Bad Advice, Retirement and your Mortgage

Discussion in 'Economics' started by piezoe, Jun 24, 2008.

  1. piezoe

    piezoe

    On Yahoo today (Front page of Financial home page) there was an article purporting to give advice on whether a retiree should pay off their mortgage. The advice given was not to pay it off if your could earn more on your savings than your mortgage rate.

    This is OK as far as it goes, but there was no mention of the effect of inflation on real interest rates nor was there any mention of what the mortgage tax deduction does to your real interest rate. The deduction was mentioned only in passing and then only to say you would lose it if you paid off your mortgage.

    The advice offered was next to worthless. Losing the mortgage deduction is never a reason not to pay of a mortgage, and should never be thought of in those terms.

    A wise banker, he was president of a major bank in Colorado at the time, told me years ago, when i was a young man, that one should practically never pay off a fixed-rate low interest mortgage early. Those words have stuck with me. Although at the time i did not understand why. But i now realize that it has to do with inflation and the inexorable devaluation of currency over time.

    In addition to the defaults Banks are currently saddled with they have loaned out billions that are now yielding a negative real rate of return. This is what happens when your have low interest rates and rampant inflation simultaneously.

    In this situation virtually no one with a low interest fixed rate mortgage should accelerate payment on the principal.
    When the APR is adjusted for both the mortgage deduction and the real rate of inflation, in just about every case the real interest rate will be negative. The bank is paying you to use their money.
    Expect to start receiving correspondence, if you have not already, pointing out how much you could "save" by accelerating payment on the principal, or going to a thirteen payment plan. :D

    P.S> Of course the money saved by not accelerating payments on the principal should be invested to yield enough to keep up with inflation. Not an easy task.
     
  2. Making extra mortgage payments is equivalent to make a risk free investment. If your interest rate is low enough that you have better risk free alternatives, than clearly the math says to stretch out the payments.

    But what you haven't mentioned are the intangible benefits of paying off your mortage. The feeling of satisfaction and security that this provides.
     
  3. piezoe

    piezoe

    To each his own, but if your real interest rate is negative you would be ahead not to pay off your mortgage early and put the saving into Treasuries, even if the Treasuries were not keeping up with inflation.

    Of course banks are counting on most people with fixed rate mortgages thinking as you have mentioned. And they will do what they can to encourage that kind of false wisdom.
     
  4. Its not always false.

    I spent 1987 paying off my mortgages despite good interest rates and everyone else buying stocks (some on their mastercards).

    I was a very happy punter in November 1987.

    Remember: trade with what you can afford to lose.
     
  5. If you do not have any income then you do not have a mortgage interest deduction. If your interest expense is LOWER than the standard deduction, then you do not have a mortgage interest deduction.

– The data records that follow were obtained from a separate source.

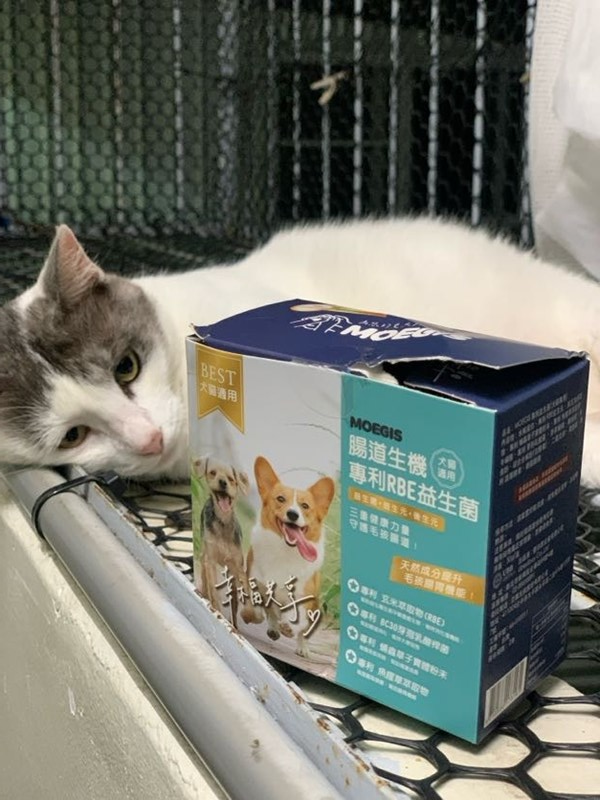 女人知己試用大隊,口碑行銷,部落客行銷,Moegis萌吉 腸道生機專利RBE益生菌,寵物益生菌,專利RBE益生元,專利蔬果酵素,小分子胜肽,藍藻粉,維持免疫力,幫助維持消化道機能,維持正常食慾,改變細菌叢生態,腸胃保健,犬貓適用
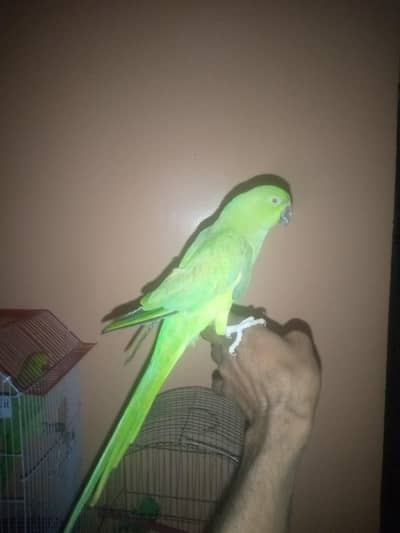 green parrot female age (9) months outclassed taking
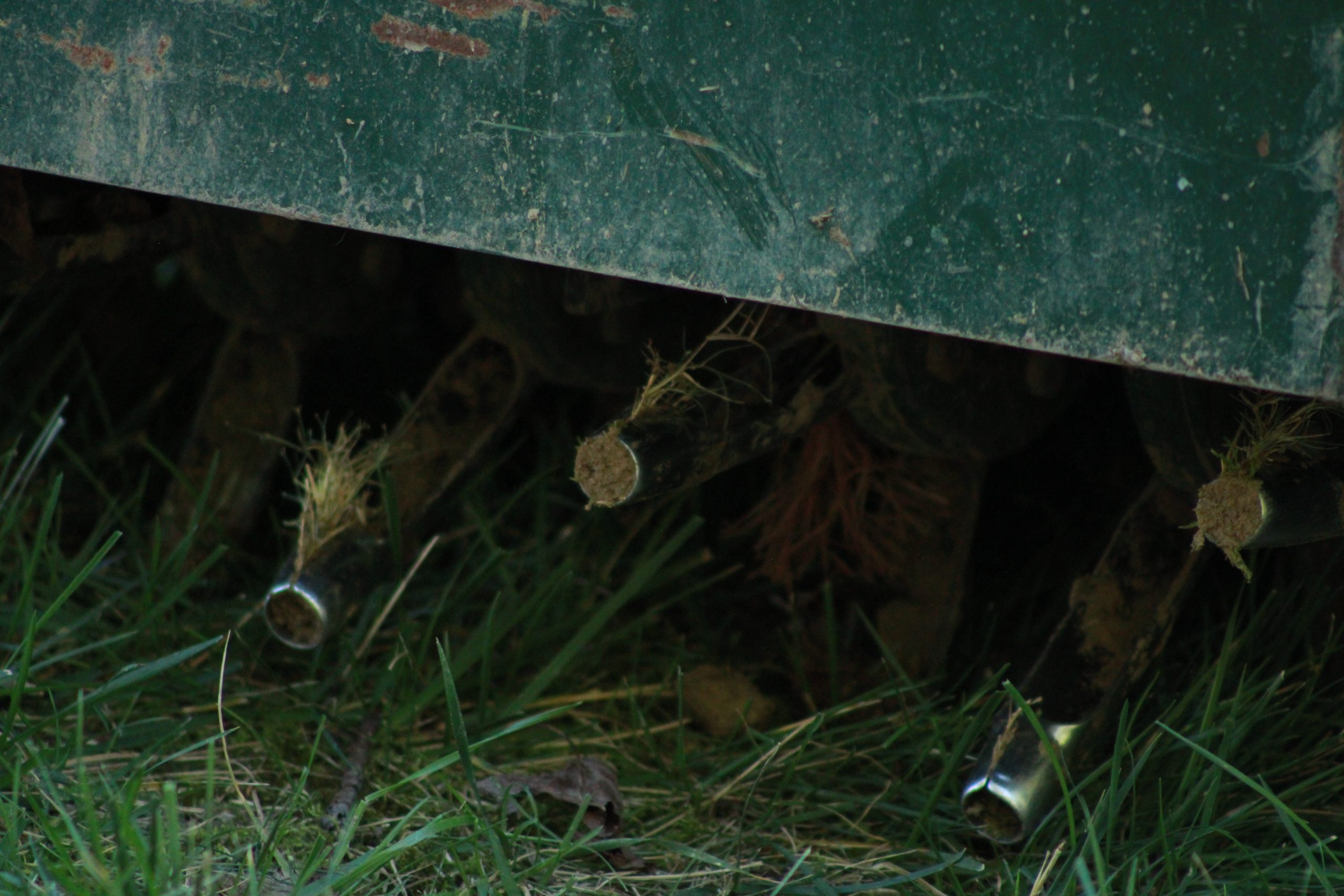 Homepage | Triangle Lawn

    You would need to get more information about the retirees before coming to your conclusion (i.e., how much money they expect to earn).
     
  6. piezoe

    piezoe

    I suppose the older we are the more likely we are to be brainwashed into traditional thinking with respect to mortgages.

    The practical problem one encounters is finding a safe place to put the money you would have otherwise spent on paying off your mortgage that pays greater, inflation-adjusted interest than you are paying on your mortgage. When there is rampant inflation, safe and liquid investments also tend to have negative real rates of return. Basically we are screwed! :eek:
     
  7. piezoe

    piezoe

    I assume anyone on ET would be able to do simple math and take the necessary factors into account. Perhaps that is assuming too much however.:)
     
  8. Is mortgage interest tax-deductible in the USA? If not, then paying off the mortgage is a great idea. If so then it is more borderline. However, paying off a mortgage does have the benefit of earning the mortgage interest rate *risk-free*, and reducing your overall debt burden, which gives you a cushion in case of emergencies. Finally, there are the peace of mind benefits, the forced saving etc that are useful for many people.
     
  9. How often do treasuries return more than the mortgage interest rate? Mortgages are riskier so they should have higher returns in most situations. And repaid principal results in a tax-free gain (via reducing the repayments), whereas investing into treasuries is taxable. Not to mention that paying down debt is risk free, whereas buying debt isn't.
     
  10. heypa

    heypa

    I'm retired. I have a paid up mortgage. In the last 10 years I never seriously considered taking out equity so that I could invest it. There is peace of mind having only taxes and maintenance costs on the old homestead.
    As a child of the Depression I am biased against owing unnecessary money. Live in Cal. so taxes under prop. 13 can only go up 1% a year. Therefore rising equity wont let taxes price you out of your home.
    Of course with our stupider than normal politicians ( If thats possible) the state is in a hell of a fix.Don't know how thats going to turn out.
    Thank God we live in a Constitutional Republic run by statesmen not greedy bastards.